December 14, 2024

Encounters are on course to quadruple in a single sector on the west coast

Migration and human trafficking from Canada into the US is soaring according to new statistics, which show that encounters at the border between British Columbia and Washington State are set to quadruple since 2021.

The stats show that there were 42,913 “encounters”—which included apprehensions, expulsions and people being deemed inadmissible—in the 2023 fiscal year for the BC-Washington section, an increase from 12,345 in 2021. In the first half of the current fiscal year, there have been 27, 483 encounters.

Apprehensions in that section have grown from 166 in 2021 to 1,662 last year, with this year’s figure already standing at 1,810.

The surge in apprehensions is taking place along the entire length of the US-Canada border, with encounters up from 27,180 in 2021 to 189, 402 last year.

According to Matthew Murphy, a special agent with Homeland Security in Washington State, Canadian entry rules have been exploited by Mexican citizens for some time. They would fly to Canada and cross into the US from there, “a much less treacherous journey than trying to hike through the Sonoran Desert in Arizona or come across some of those more challenging areas on the Mexican-U.S. border.”

Until February this year, Mexican citizens were allowed into Canada without a visa. Now, however, they must have either a current or past Canadian or US visa.

Indian citizens are now the number-one group attempting to cross from Canada.
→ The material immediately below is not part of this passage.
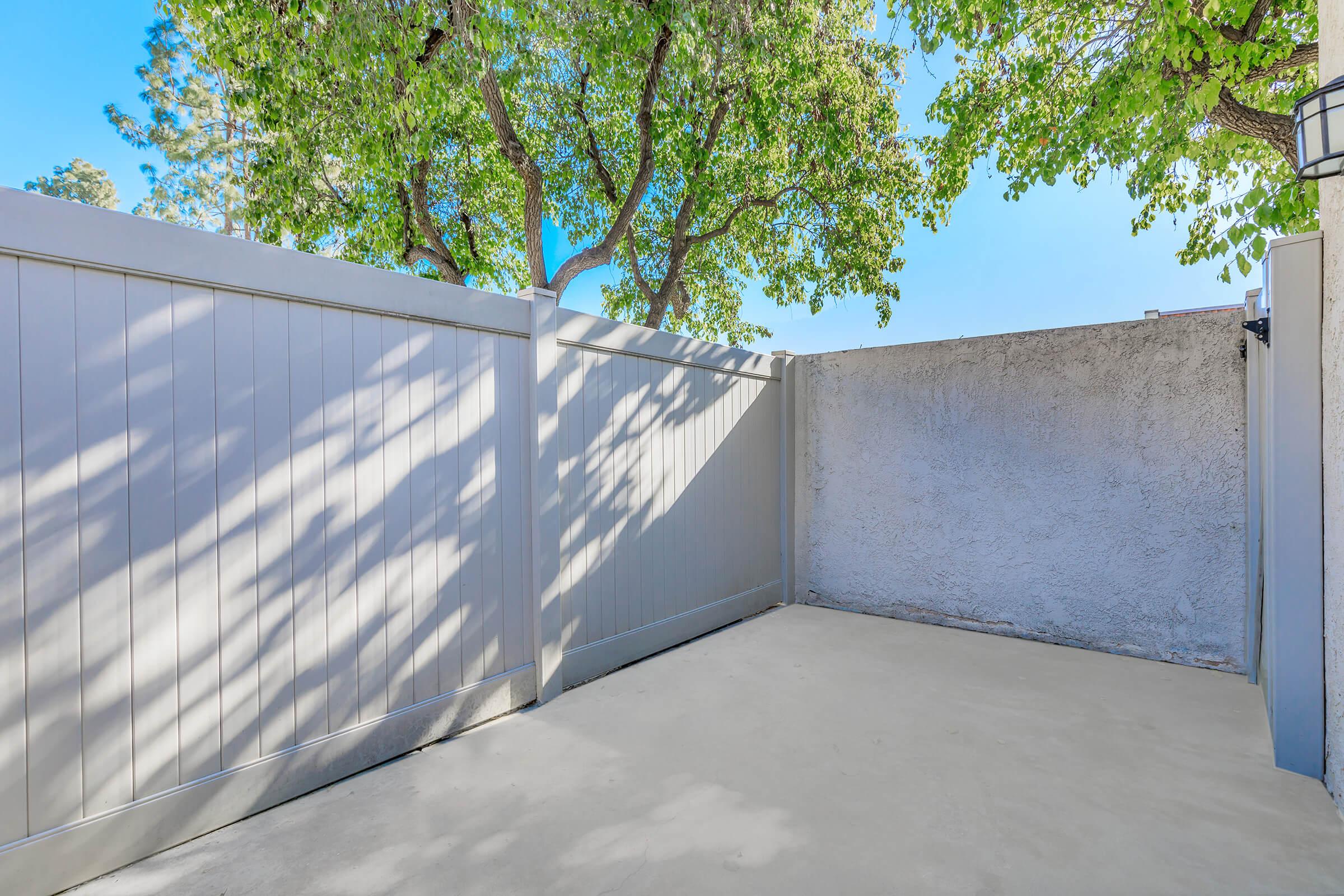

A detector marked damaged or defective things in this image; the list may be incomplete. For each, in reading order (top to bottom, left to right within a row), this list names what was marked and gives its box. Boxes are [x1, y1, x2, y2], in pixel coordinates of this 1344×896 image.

crack in stucco wall [790, 315, 1242, 671]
Data show 7,056 encounters with Indians in the British Columbia-Washington sector during the first half of the current fiscal year.

Human-smuggling rings are known to be operating across the border. They can charge up to $5,000 to bring an individual into the US from Canada. In June 2023, a California resident called Rajinder Pal Singh, a.k.a. Jasper Gill, was sentenced to nearly four years in prison for his role in a smuggling operation that brought over 800 Indians into the US from Canada over a four-year period.

Gill admitted to making over $500,000 in the scheme. He and his co-conspirators used Uber accounts to arrange journeys on the US side of the border to bring illegal migrants to Seattle.